Dataset
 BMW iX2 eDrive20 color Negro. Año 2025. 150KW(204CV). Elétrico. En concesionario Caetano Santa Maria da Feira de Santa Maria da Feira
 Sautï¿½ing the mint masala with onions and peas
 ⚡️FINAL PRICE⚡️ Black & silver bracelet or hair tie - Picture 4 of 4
--
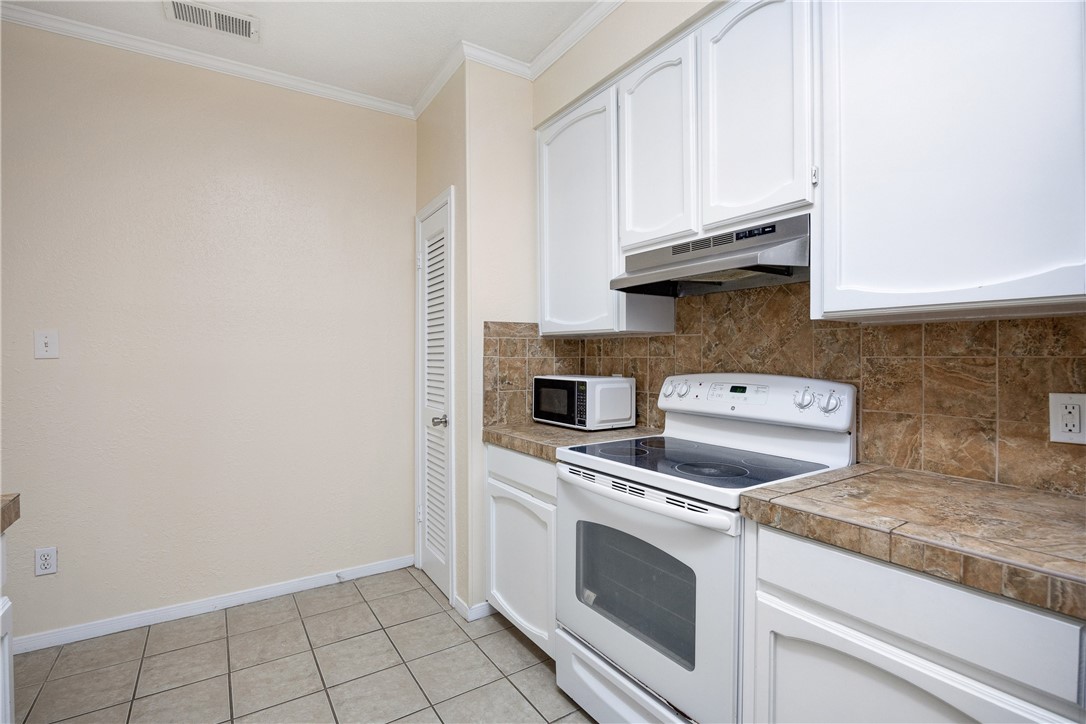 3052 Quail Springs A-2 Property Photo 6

Your task
Can you repeat, word for word, every line above from the one containing "BMW iX2 eDrive20" down to the one containing "Picture 4 of 4", including both?

Solution to this exercise
 BMW iX2 eDrive20 color Negro. Año 2025. 150KW(204CV). Elétrico. En concesionario Caetano Santa Maria da Feira de Santa Maria da Feira
 Sautï¿½ing the mint masala with onions and peas
 ⚡️FINAL PRICE⚡️ Black & silver bracelet or hair tie - Picture 4 of 4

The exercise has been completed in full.